Here the Powerhouse of Terror crew will share tutorials on haunted house set design and build, prop building, special fx make-up and more. We will also give some tips and tricks for affordable DIY projects. Feel free to share your projects as well. We are always looking for cool new ideas or ways to improve existing methods. Thanks for watching and Enjoy!!


----------



## hauntityourself (May 27, 2010)

Here is a short video about some foam masonry columns we are working on. Let us know if you have any questions or comments!! Thanks for watching.


----------



## Vlad (Aug 2, 2005)

Hi Haunt it. It sounds great. I moved this general discussion thread on what you're up to here, and look forward to seeing completed How Tos in the How To section. I need all the help I can get, lol.


----------



## Headless (Sep 4, 2011)

Nice work. I'm loving foam. Just wish I could get more of it. And I'm with Vlad - I need all the help I can get as well!!!!!


----------



## hauntityourself (May 27, 2010)

Hey guys! Thanks for watching! We have tons of tutorials on some cheap and easy DIY ideas for your haunted house. Let us know exactly what you would like to see and if we don't already have a video, we will gladly film one. We need to know what you would find most helpful whether it be more foam masonry, special fx make-up, haunted house build tips, making a facade etc.. also feel free to share your opinions. If you think there's an easier or more effective way of doing something, we want to know!! Thanks for watching!!


----------



## hauntityourself (May 27, 2010)

Hey guys! Here is a look at the Powerhouse of Terror Scare Team preparing themselves to head out into the streets of Toronto, Canada to wish everyone a scary x-mas, as well as some more hilarious reactions from the santa scare prank!! Hope you enjoy this episode of Hauntventures!


----------



## Allen H (Feb 13, 2010)

Great channel guys, I subscribed!


----------



## ouizul1 (May 22, 2010)

Yup, yup...good stuff, thanks! Took a quick preview of your channel, liked it and subscribed...looking forward to taking a more in-depth look.


----------



## hauntityourself (May 27, 2010)

Allen H said:


> Great channel guys, I subscribed!


Thanks so much Allen! We appreciate your support.


----------



## hauntityourself (May 27, 2010)

ouizul1 said:


> Yup, yup...good stuff, thanks! Took a quick preview of your channel, liked it and subscribed...looking forward to taking a more in-depth look.
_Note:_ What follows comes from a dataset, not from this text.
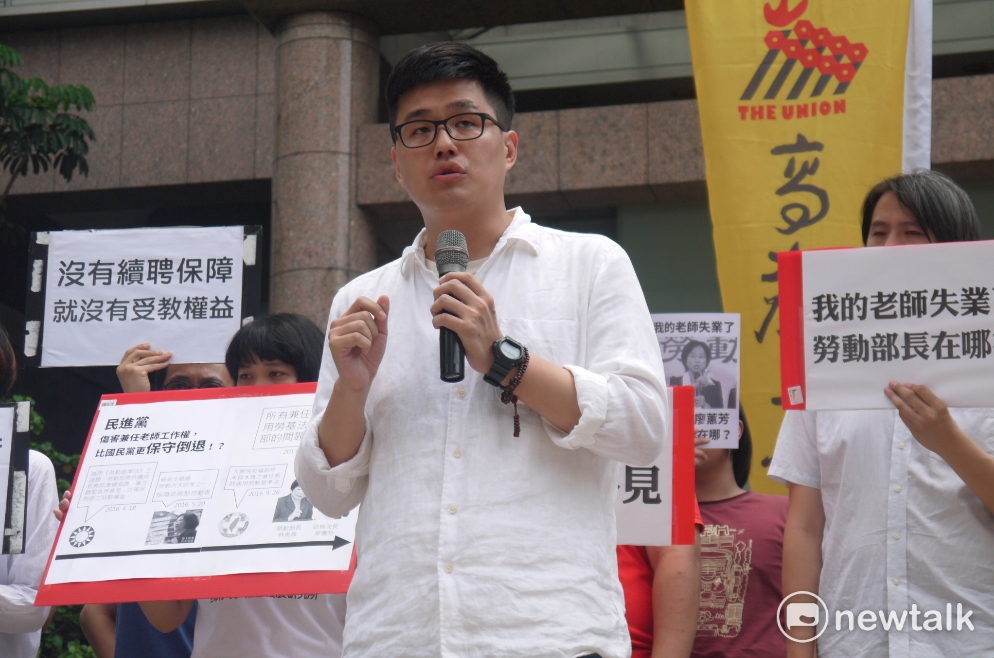 世新大學兼任教師郭耀中表示，他只收到一封電子郵件告知下學期將不續聘。 圖：鍾孟軒/攝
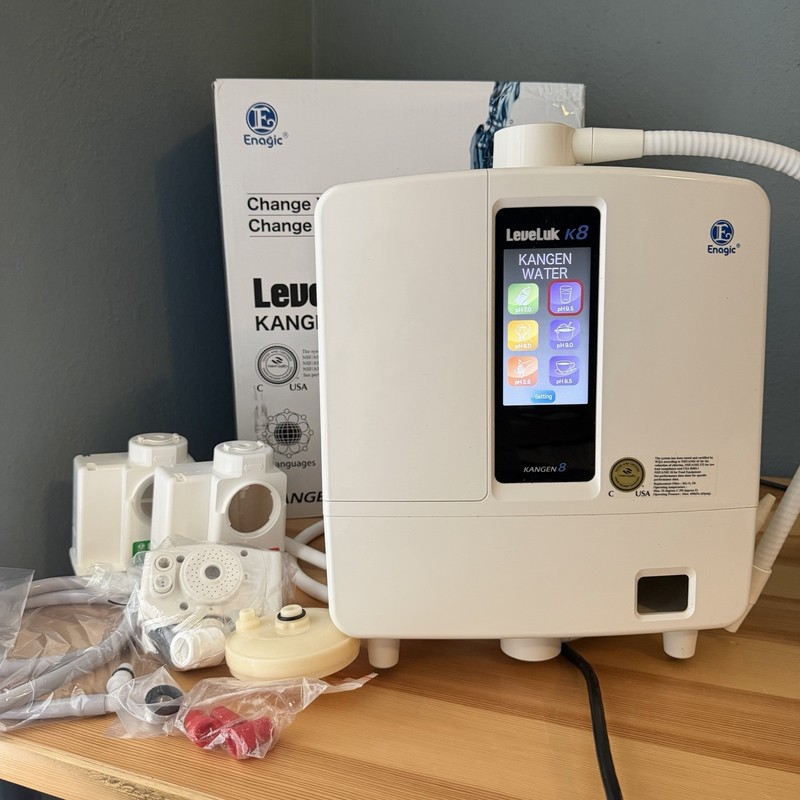 Enagic Leveluk K8 Kangen Water Alkaline Filtration Ionizer Machine A26-00 in Box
Thanks so much! There's tons more in the next episodes of Hauntventures. We are planning on doing alot more in depth tutorials and how-to videos. Is there anything specific you are interested in seeing more of? Your feedback would be very helpful when creating future videos.


----------



## hauntityourself (May 27, 2010)

Take a look at Hauntityourself having some fun scaring gamers at 2011 Midwest Haunters Convention. We can't wait to return next year with our team. Such a blast


----------



## GrimleeFeindish (Jan 23, 2009)

Ill check out your vids, thanks. I would like more info on building a facade for a house. I think the thing that most people have a problem with, maybe just me, is attaching or securing the facade (or theater flat) to the house. I really think that to take a home haunt to the next level you have to fundamentally change the face of the house, unless you live in a killer old victorian home. Those of us in the burbs want to change the face of our house for as cheap as possible without nailing crap to the house, its definitely a challenge. And dont forget storage. Holy crap. Darkrose Manor did a great job with a facade. Hope this post makes sense, Im working on 3 hrs of sleep. THanks in advance.


----------



## hauntityourself (May 27, 2010)

In this episode of Haunt Ventures Jason Dasti explains the madness behind how to create perfect smashed walls


----------



## hauntityourself (May 27, 2010)

Here's a look at the Powerhouse of Terror haunt team getting crafty!! We are working on our 2012 media kits. We are in the beginning stages of creating these little coffins, but we wanted to share our progress so far, as well as some "safety tips". Let us know what you think!


----------



## Drago (Sep 5, 2011)

Keep up the good work guys/gals, mucho appreciated.


----------



## hauntityourself (May 27, 2010)

Hey guys, here is a video we hope will be helpful when using airbrush for make-up in your haunted house. We show some troubleshooting tips that you may find useful. Thanks for watching. 




 - teaching airbrush




 - airbrush troubleshooting


----------



## hauntityourself (May 27, 2010)

Take a look at our portable make-up area from which doubles as a break area for our actors. This video was shot during the summer 2011 at the Mississauga ribfest where we had set up CarnEvil Manor, our promotional haunted attraction for our October event, the Powerhouse of Terror in Toronto Canada.


----------



## hauntityourself (May 27, 2010)

Here is a continuation of the foam masonry video that was posted earlier. We just filmed a complete tutorial from start to finish and that will be posted within the next few days. Thanks for watching and enjoy!!!


----------



## hauntityourself (May 27, 2010)

We found some great affordable make-up supplies for our haunted house at our local dollar store! The brushes we found here are great quality and best of all, really cheap!! These will be great for the kits we are creating for our actors to apply their own make-up.


----------



## hauntityourself (May 27, 2010)

Drago said:


> Keep up the good work guys/gals, mucho appreciated.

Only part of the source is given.